Microsoft launches ad-free Bing search for schools

Microsoft's ad-free pilot also takes aim at Google

Microsoft has launched an ad-free, no cost version of its Bing search engine that can be used in public and private schools across the U.S.

Activating ad-free search also activates an automatic filter that blocks adult content and enhances privacy protections, said Microsoft in a news release on Wednesday. The service is meant for primary and secondary (K-12) schools with students aged from 5 to 18.

Several schools with more than 800,000 students have already signed up for the pilot program including the Los Angeles Unified School District, Atlanta Public Schools, the Fresno, California, Unified School District and Detroit Country Day School, Microsoft said.
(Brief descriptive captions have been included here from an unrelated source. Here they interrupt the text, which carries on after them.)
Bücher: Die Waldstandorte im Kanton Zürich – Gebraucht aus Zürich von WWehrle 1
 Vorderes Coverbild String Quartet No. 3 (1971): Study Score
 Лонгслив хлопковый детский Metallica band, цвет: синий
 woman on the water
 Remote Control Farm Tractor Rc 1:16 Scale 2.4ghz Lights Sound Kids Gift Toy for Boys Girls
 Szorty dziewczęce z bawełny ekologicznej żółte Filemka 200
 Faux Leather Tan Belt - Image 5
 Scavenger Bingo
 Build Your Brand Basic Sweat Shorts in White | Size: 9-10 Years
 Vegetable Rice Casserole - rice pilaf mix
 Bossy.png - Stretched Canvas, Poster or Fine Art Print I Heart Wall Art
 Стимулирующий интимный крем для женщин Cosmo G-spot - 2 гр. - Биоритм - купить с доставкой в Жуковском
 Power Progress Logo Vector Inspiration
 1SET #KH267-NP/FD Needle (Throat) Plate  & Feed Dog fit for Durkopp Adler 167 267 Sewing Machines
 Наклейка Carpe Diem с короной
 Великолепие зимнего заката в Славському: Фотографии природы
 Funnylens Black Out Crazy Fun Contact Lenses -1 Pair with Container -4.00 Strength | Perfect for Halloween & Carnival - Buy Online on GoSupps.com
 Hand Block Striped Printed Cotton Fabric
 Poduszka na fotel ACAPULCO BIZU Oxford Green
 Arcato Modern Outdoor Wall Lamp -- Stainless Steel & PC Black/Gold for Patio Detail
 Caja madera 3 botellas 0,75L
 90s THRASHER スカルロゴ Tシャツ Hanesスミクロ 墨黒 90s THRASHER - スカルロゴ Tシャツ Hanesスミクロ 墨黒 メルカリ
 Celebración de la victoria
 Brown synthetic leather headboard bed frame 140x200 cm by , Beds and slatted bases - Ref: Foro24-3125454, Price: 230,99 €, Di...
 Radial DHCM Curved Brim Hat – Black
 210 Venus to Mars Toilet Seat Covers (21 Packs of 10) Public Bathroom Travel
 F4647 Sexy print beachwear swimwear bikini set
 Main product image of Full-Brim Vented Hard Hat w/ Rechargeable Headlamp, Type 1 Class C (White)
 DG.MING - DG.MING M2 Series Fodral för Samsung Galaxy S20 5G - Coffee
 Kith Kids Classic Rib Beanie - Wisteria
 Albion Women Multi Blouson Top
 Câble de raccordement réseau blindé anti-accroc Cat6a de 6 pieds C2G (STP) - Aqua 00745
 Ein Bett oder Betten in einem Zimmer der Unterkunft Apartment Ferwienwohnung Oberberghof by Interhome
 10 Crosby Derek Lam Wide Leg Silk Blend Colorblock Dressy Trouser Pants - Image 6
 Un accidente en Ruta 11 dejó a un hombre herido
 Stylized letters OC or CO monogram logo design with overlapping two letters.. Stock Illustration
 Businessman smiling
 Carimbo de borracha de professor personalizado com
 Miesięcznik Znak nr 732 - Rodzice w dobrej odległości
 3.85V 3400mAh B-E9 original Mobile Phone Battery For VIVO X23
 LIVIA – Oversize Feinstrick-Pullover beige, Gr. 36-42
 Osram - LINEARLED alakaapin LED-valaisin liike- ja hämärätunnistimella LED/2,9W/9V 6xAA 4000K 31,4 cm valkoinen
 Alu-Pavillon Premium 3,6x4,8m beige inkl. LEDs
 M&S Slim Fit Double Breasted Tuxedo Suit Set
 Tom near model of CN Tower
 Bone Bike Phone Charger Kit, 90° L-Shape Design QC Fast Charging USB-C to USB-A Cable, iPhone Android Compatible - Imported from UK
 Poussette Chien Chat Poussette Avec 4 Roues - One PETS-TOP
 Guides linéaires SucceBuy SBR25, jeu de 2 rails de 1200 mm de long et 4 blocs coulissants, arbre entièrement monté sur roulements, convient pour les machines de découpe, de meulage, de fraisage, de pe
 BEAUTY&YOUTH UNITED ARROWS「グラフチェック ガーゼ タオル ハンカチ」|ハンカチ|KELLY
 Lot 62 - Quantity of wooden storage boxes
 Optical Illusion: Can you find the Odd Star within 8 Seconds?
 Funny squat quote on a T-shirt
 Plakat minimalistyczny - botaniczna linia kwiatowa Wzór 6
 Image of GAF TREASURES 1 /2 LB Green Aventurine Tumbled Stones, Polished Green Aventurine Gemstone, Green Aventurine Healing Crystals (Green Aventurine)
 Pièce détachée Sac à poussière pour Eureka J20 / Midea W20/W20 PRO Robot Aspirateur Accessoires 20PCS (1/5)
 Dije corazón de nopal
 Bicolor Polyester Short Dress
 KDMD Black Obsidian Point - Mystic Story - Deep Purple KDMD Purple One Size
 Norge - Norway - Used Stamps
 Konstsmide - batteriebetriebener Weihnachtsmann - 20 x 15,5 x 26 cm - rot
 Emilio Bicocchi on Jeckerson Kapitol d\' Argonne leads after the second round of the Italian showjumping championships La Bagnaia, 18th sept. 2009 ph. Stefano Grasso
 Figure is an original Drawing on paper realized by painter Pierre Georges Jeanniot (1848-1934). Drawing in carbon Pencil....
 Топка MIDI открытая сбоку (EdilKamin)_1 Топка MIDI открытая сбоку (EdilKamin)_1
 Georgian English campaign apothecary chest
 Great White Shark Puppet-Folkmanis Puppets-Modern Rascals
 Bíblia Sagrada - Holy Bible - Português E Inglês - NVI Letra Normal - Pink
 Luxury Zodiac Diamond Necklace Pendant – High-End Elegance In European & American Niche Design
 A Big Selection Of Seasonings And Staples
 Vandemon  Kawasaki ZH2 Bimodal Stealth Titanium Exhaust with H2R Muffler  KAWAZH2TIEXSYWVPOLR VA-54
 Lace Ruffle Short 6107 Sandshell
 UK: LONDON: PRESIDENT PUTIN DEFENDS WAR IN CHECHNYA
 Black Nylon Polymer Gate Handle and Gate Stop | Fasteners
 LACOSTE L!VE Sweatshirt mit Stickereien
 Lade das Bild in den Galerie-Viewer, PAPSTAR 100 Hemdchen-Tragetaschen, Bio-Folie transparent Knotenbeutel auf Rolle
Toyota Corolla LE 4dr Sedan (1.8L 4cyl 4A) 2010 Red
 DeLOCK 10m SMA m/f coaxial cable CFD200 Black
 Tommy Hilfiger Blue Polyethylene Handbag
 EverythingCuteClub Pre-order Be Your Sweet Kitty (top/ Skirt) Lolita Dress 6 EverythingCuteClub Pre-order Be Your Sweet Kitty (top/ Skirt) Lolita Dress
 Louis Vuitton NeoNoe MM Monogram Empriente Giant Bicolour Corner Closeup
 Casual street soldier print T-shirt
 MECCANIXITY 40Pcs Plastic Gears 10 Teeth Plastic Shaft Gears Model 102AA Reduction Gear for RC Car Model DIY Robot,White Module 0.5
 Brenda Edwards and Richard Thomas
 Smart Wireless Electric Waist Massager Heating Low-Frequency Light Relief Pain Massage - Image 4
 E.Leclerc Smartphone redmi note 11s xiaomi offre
Other interested schools can sign up for the pilot, although space is limited, it said.

Microsoft took the opportunity to lash out at its biggest competitor. "When students use Google for searches in school, they are shown ads that can distract from their studies," it said on the Bing for Schools site that is part of Microsoft's "Scroogled" campaign which targets Google's search practices.

A Google spokesman declined to comment on Microsoft's project.

As part of the pilot, people can also earn credits for their favorite schools through the Bing Rewards program by searching the Web from a desktop or mobile device using Bing, Microsoft said. When 30,000 credits are saved the school will receive a Microsoft Surface RT tablet. It will award about 60 tablets monthly.

Bing for Schools also offers three learning activities every school day targeted at children in different age groups between kindergarten and 12th grade, Microsoft said. The activities use the Bing homepage image of the day to pose a question that can be solved using search tools.